The rest of the note contains some interesting information about the behaviour and side effects of this option – which may also help you debug some library cache issues if you’re currently running with this value set in 11g.
Here’s a nice example on the OTN database forum of Dom Brooks looking at the evidence.
- The query is slow – what does the trace say.
- There’s “row source execution” line that says we get 71,288 rows before doing a hash unique drops it to 3,429 rows.
- There’s a statement (upper case, bind variables as :Bn) in the trace file that has been executed 71,288 times
- A very large fraction of the trace file time is in the secondary statement
- There’s a user-defined function call in the original select list, before a ‘select distinct’.
Conclusion: the code should probably do a “distinct” in an inline view before calling the function, reducing the number of calls to the function from 71,288 to 3,429.

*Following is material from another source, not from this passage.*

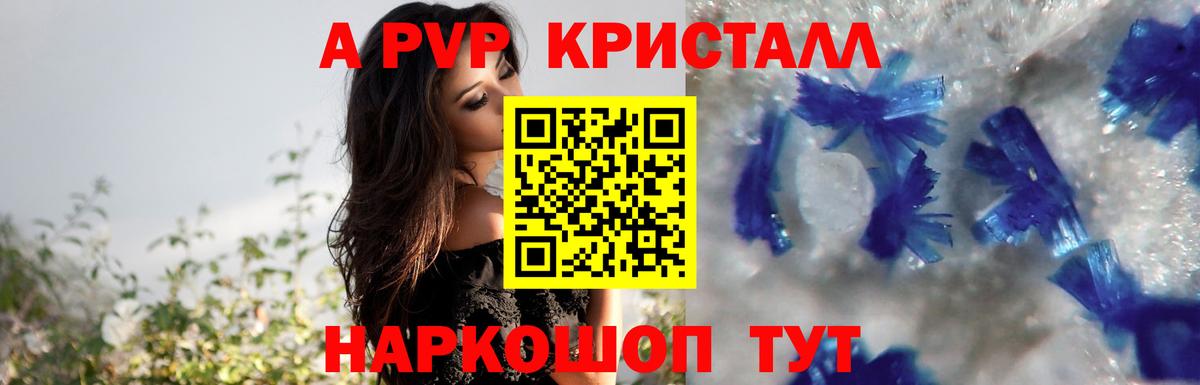 Alfa_PVP Соль Лангепас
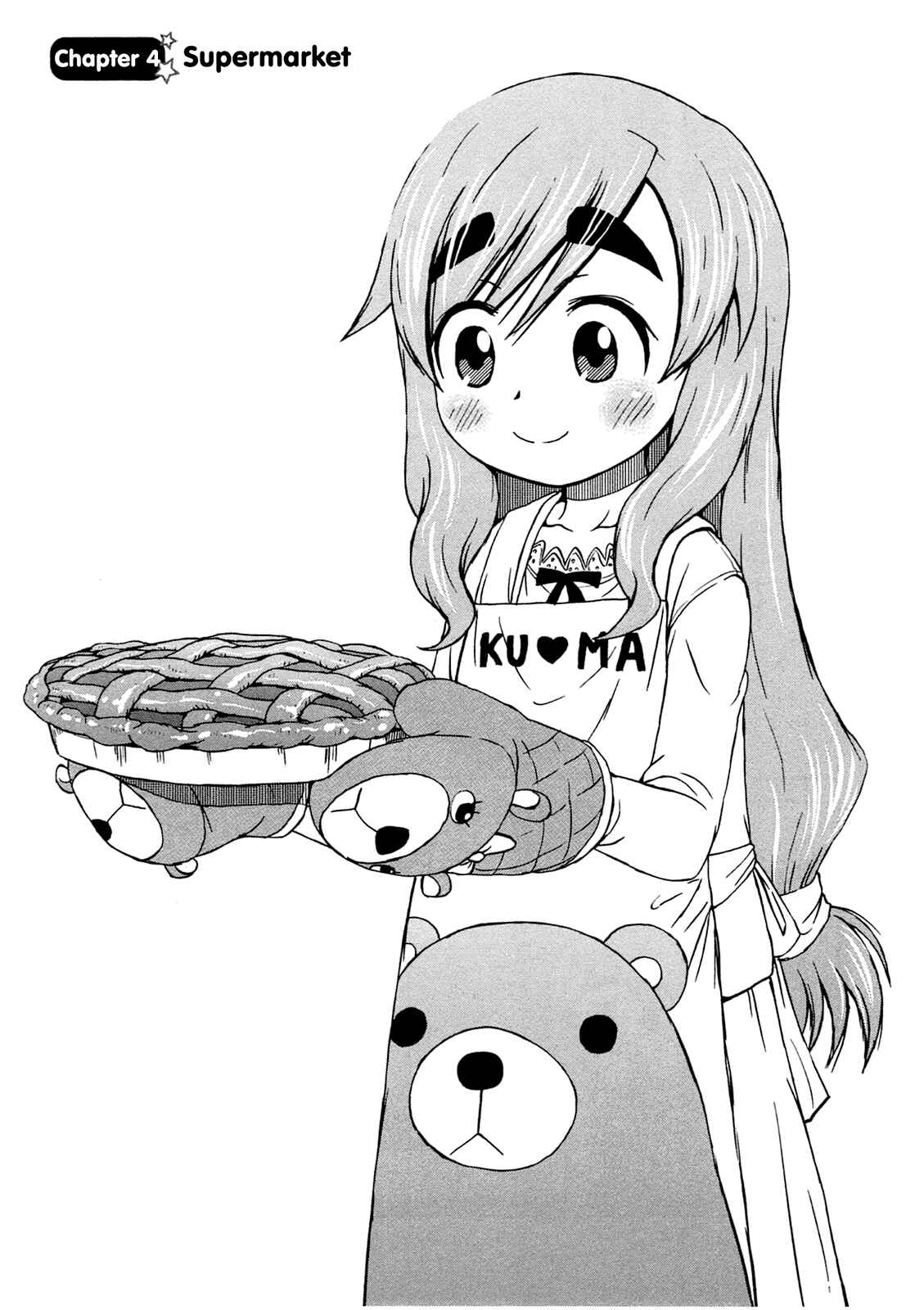 Page 2 Chapter 4 Momo Sora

Footnote: There may be other efficiency steps to consider – I’m always a little suspicious of a query that uses “distinct”: possibly it’s hiding an error in logic, possibly it should be rewritten with an existence subquery somewhere, but sometimes it really is the best strategy. There’s are some unusual statistics names coming from autotrace in the OP’s system – I wonder if he’s installed one of Tanel Poder’s special library hacks.